For instance, my wonderland (at the moment) is a field, with a two story house in it, surrounded by woods, and the ocean. But essentially, "being in wonderland" is no different than just visualizing yourself in any environment. The wonderland is only a wonderland if you conceive that it is.

It is not necessarily any more vivid than any other kind of imagination. It isn't any more vivid for me.

 

Now, to expand on what I mean by "it's a concept"; I've told several people before, that they should not, when they enter their wonderland, create it from memory. When a lot of people go to their wonderland, they try to remember what it looks like, and remember where everything is (which is fine, and good when you're first making it, and before it becomes natural to you).

I believe that, after you know by heart what your wonderland is, when entering it, you should not try to remember what it looks like, but have the intent to "go to your wonderland", and allow it to create itself. It will still look the same (probably), because you've assigned that concept, that environment. The reasons that this is good to do:

1. Because it helps make stable the fact that your wonderland is a "place", and not just like any other thing you visualize.

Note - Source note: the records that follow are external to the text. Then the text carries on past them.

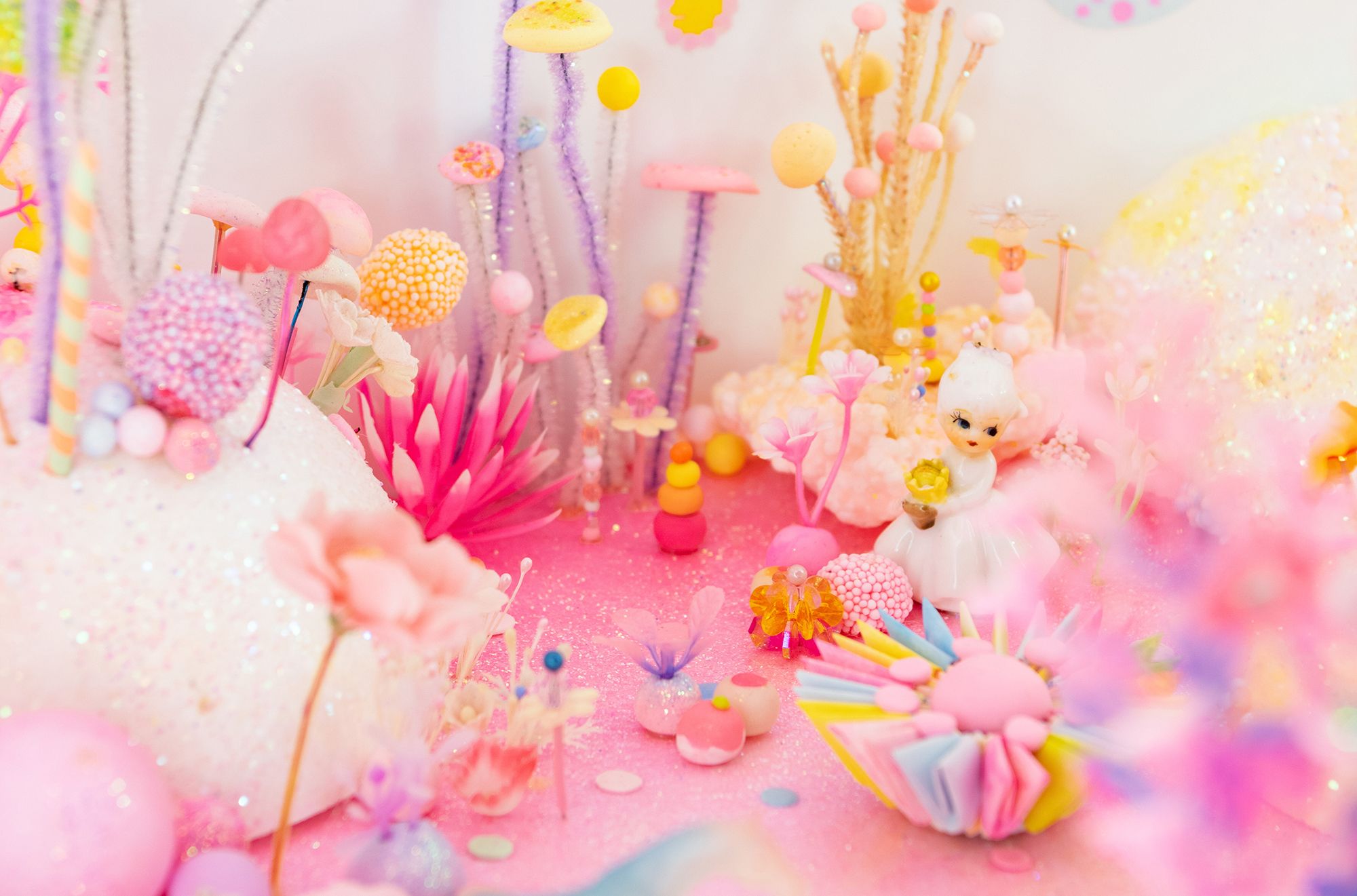 Pip & Pop, Australia 2007–2011 / Tanya Schultz, Australia b.1972 / Nicole Andrijevic, Australia b.1981 / 'Rainbow bridge' from 'we miss you magic land!' 2011 / Dioramas: Polystyrene, wax, fluorescent pigments, sugar, glue, glitter, synthetic polymer paint, plastic plants, plastic flowers, pipe-cleaners, modelling clay, paper, adhesive vinyl, pigment ink, beads in vitrine with internal electric lighting with perspex inserts; installed with wallpaper: digital adhesive on paper (produced from digital file) / Commissioned for ‘Pip & Pop: we miss you magic land’ 2011, a collaboration with QAGOMA’s Children’s Art Centre / Gift of the artists through the QAG Foundation 2013 / Collection: Queensland Art Gallery | Gallery of Modern Art / © Pip & Pop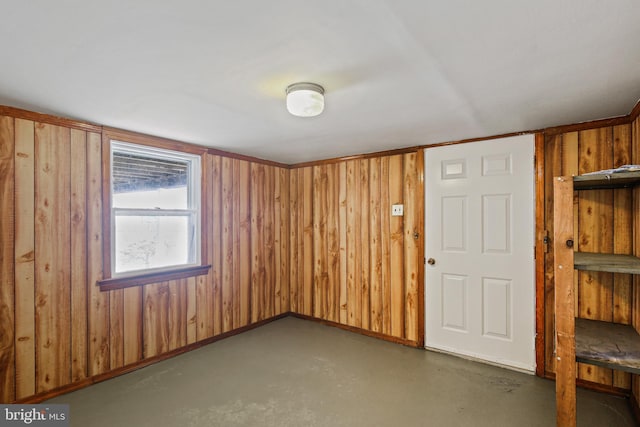 103 Cromwell Ave, Glen Burnie, MD 21061 - spare room featuring concrete floors, wood walls, and baseboards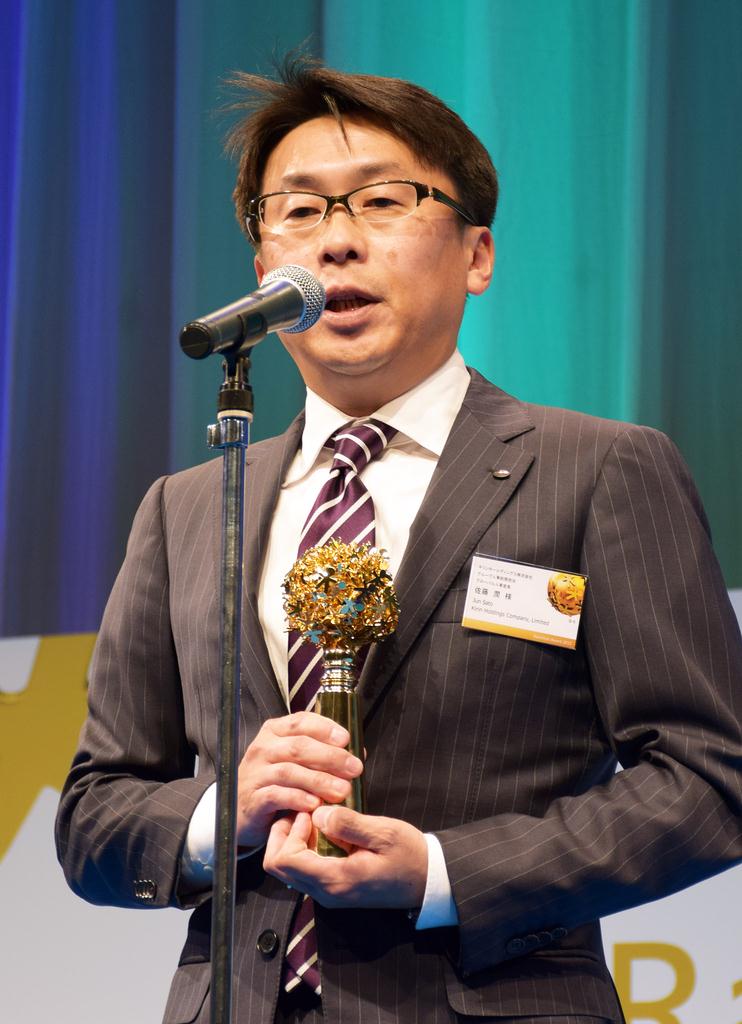 壇上で喜びを語るキリンの佐藤潤・グローバル人事室長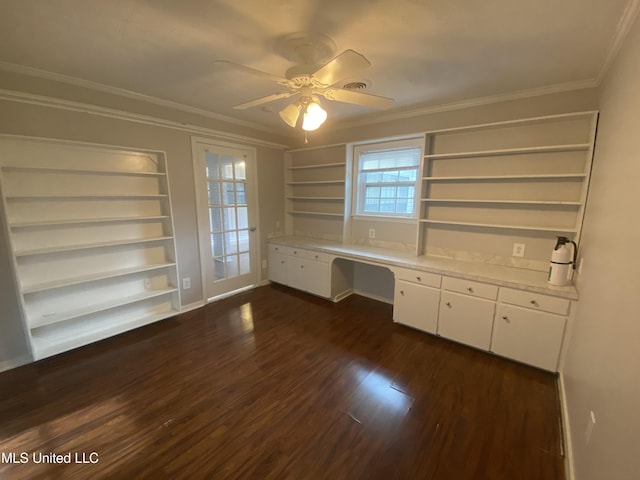 unfurnished office featuring ceiling fan, crown molding, built in desk, built in features, and dark hardwood / wood-style floors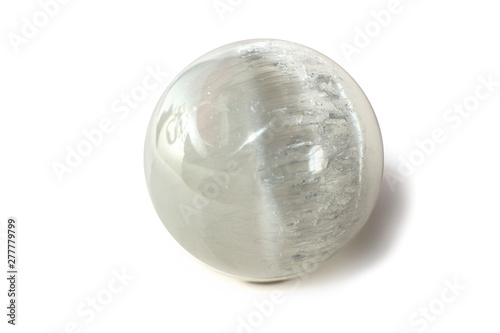 Beautiful white selenite sphere, cut mineral on white background, isolated photo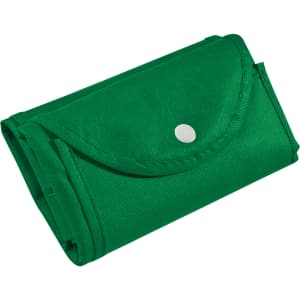 A green foldable non-woven shopping bag, neatly folded and secured with a snap button, featuring a logo.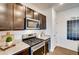 Dark brown kitchen cabinets and stainless steel range at 4326 Canyata Dr, Elizabeth, CO 80107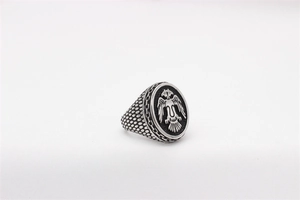 Close-up of vintage steel ring featuring a black double-headed eagle crest and dotted texture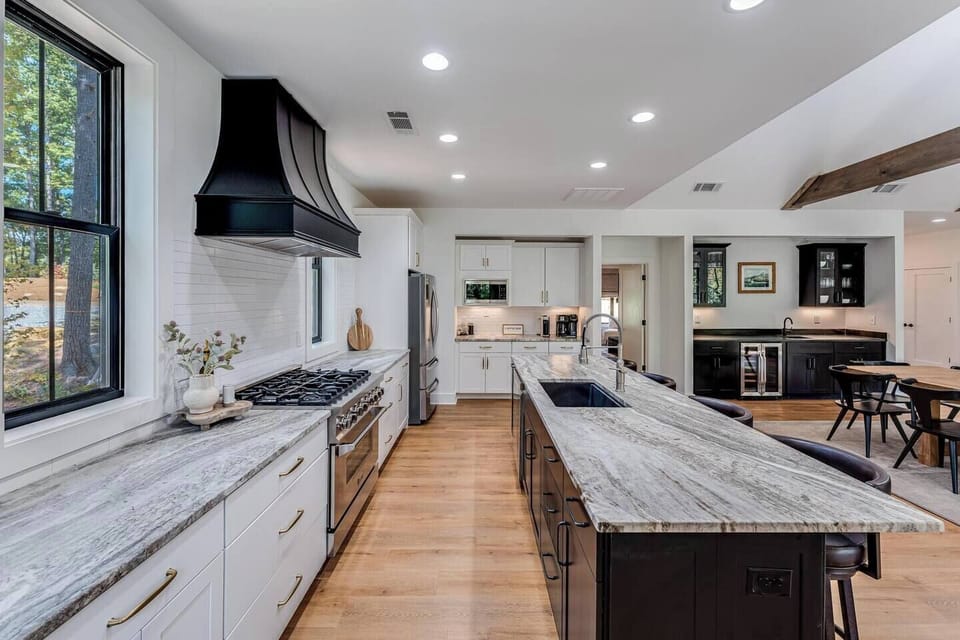 Chef's kitchen with a professional gas range, built for cooking for the group.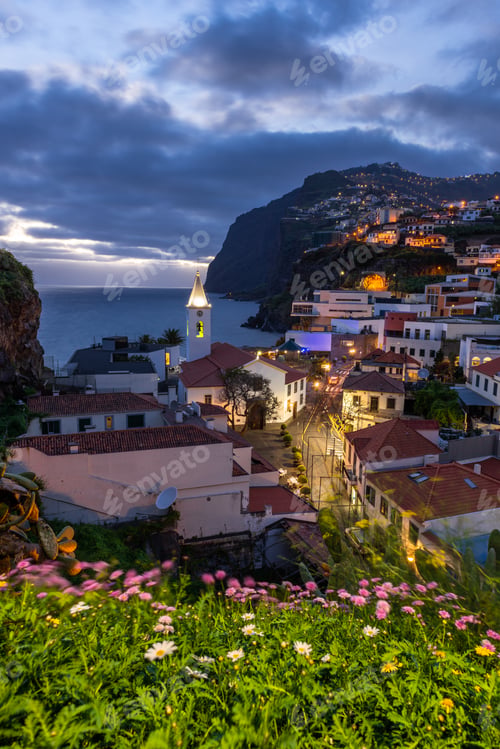 Preview: Cityscape of Camara de Lobos at dusk illuminated architecture of the seaside town in Madeira island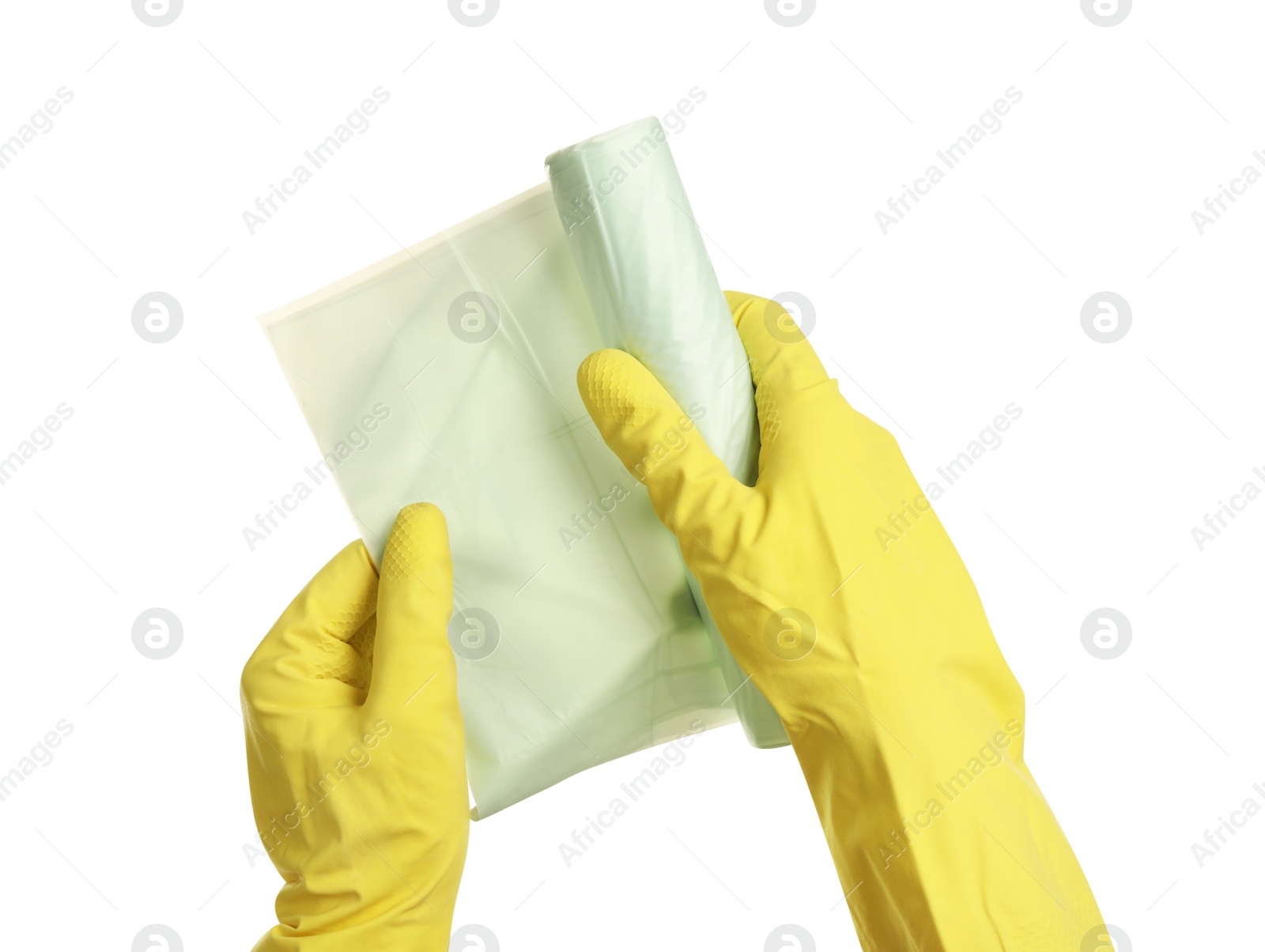 Photo of Person in rubber gloves roll of garbage bags on white background, closeup. Cleaning supplies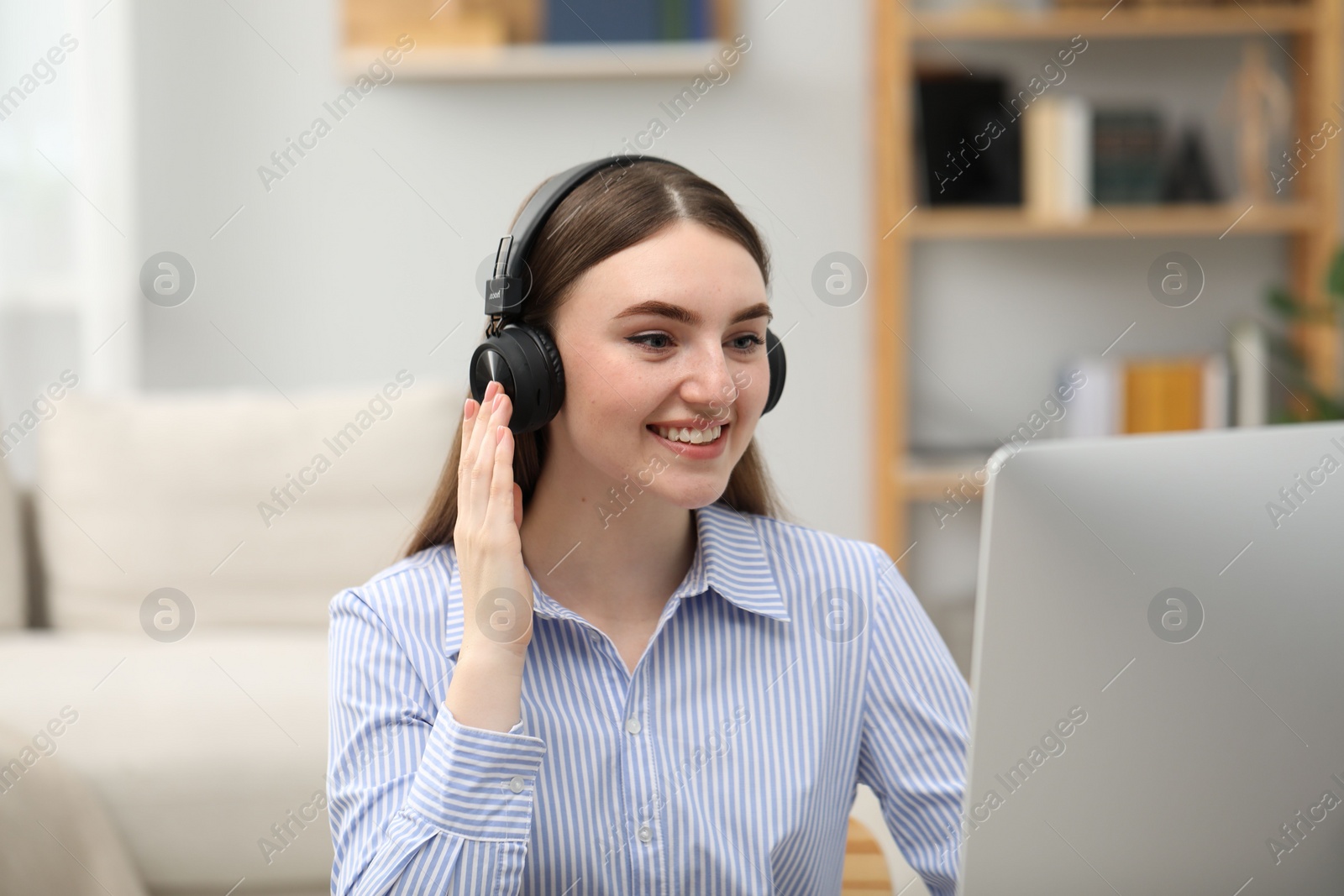 Photo of E-learning. Young woman studying with computer during online lesson indoors.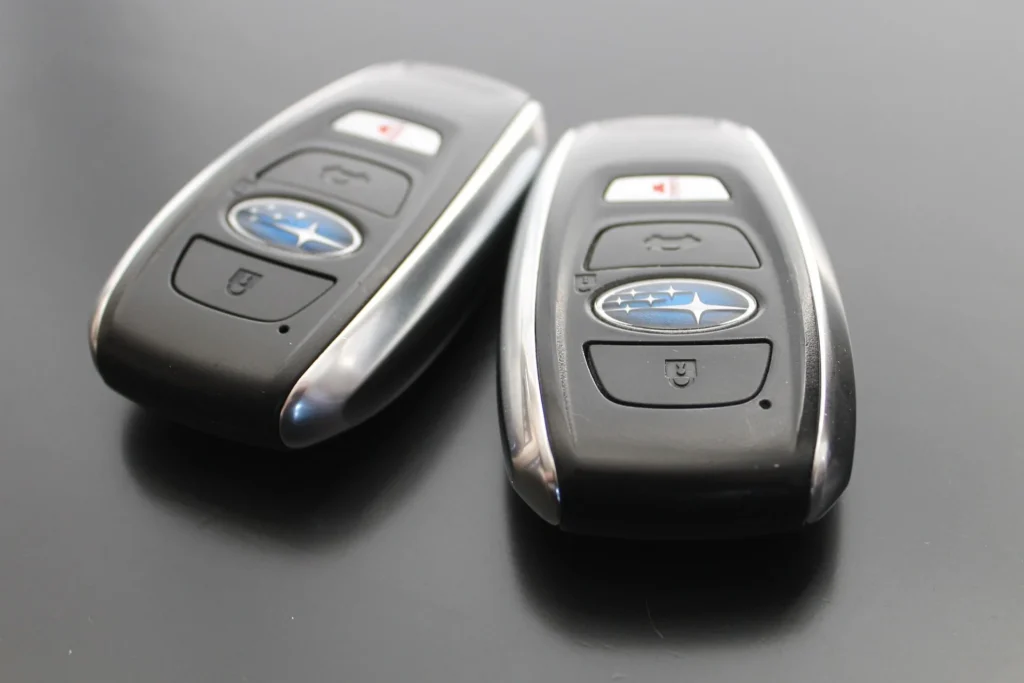 Two black Subaru key fobs with remote buttons on a black surface
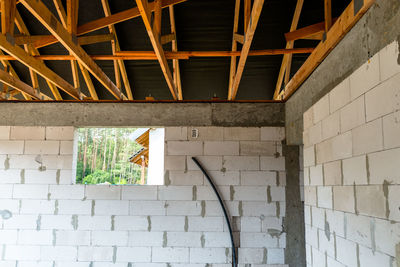 Roof trusses covered with a membrane on a detached house under construction, visible roof 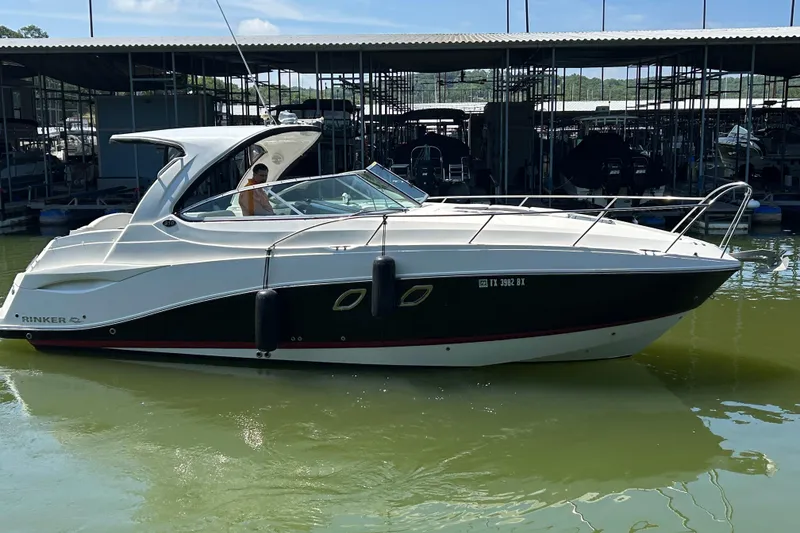 Slide: The Image of 2013 Rinker 310 Express Cruiser docked in a marina, side view. - 69
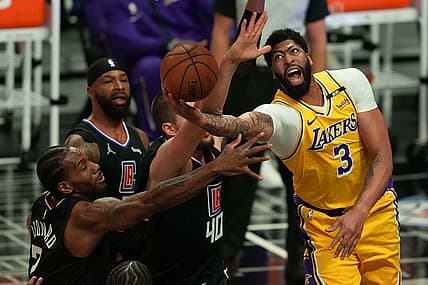 May 6, 2021; Los Angeles, California, USA; Los Angeles Lakers forward Anthony Davis (3) is defended by LA Clippers forward Kawhi Leonard (2) and center Ivica Zubac (40) in the first half at Staples Center. Mandatory Credit: Kirby Lee-USA TODAY Sports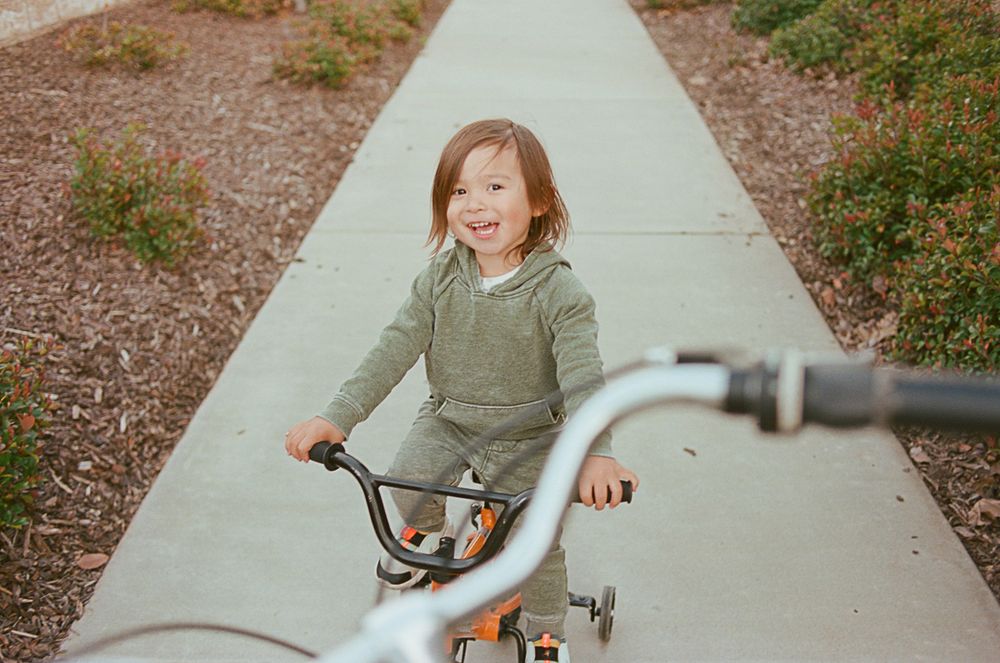 Young child riding a tricycle down a sidewalk pathway during a sunny day.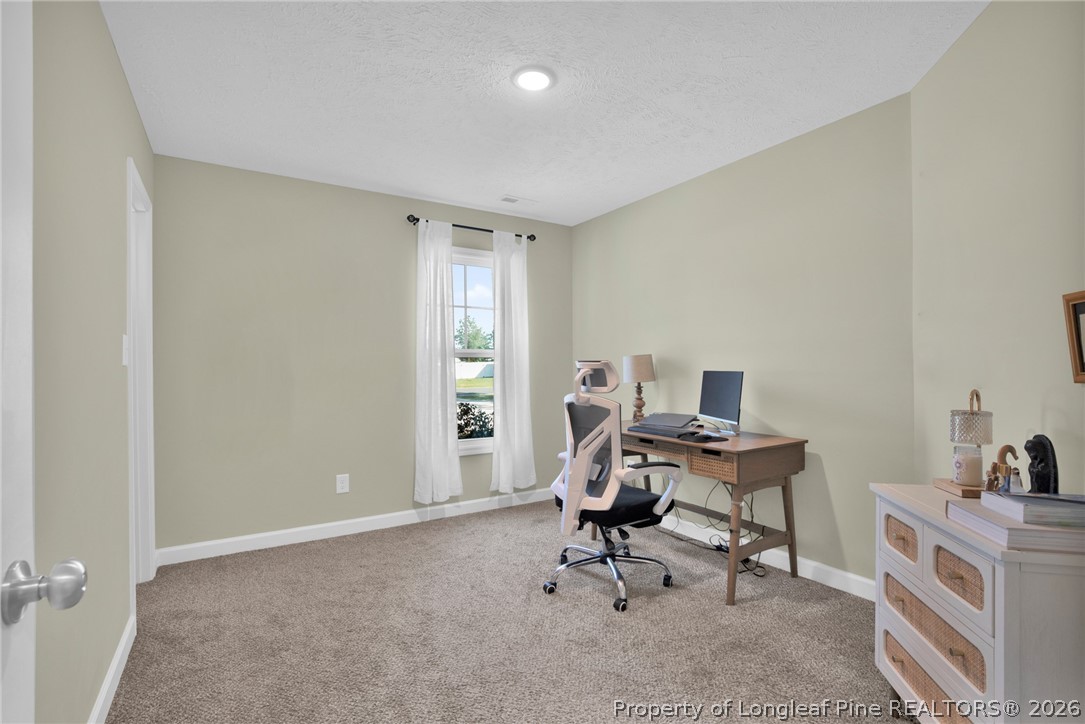 351 Sandy Grove Road Parkton, NC 28371 - Photo 14 of 30 a view of a workspace with furniture and a window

2. Because that way, changes can be made (by your tulpa, most likely), while you're not around.

 

Say your tulpa changes the house color from red to blue. When you go to your wonderland, if you try to remember what it looks like, and create it that way, you'll remember that the house was red, so the house will be red when you get there. You'll have undone the change that was made. However, if you allow the wonderland to render itself, and accept what it has to show you, you allow yourself to see any changes that have been made. Because your wonderland is not a memory. It is a place, if you allow it to be.

"If this can be avoided, it should. If it can't, then it would be better if it could be. If it happened and you're thinking back to it, try and think back further. Try not to avoid it with your mind. If any of this is possible, it may be helpful. If not, it won't be."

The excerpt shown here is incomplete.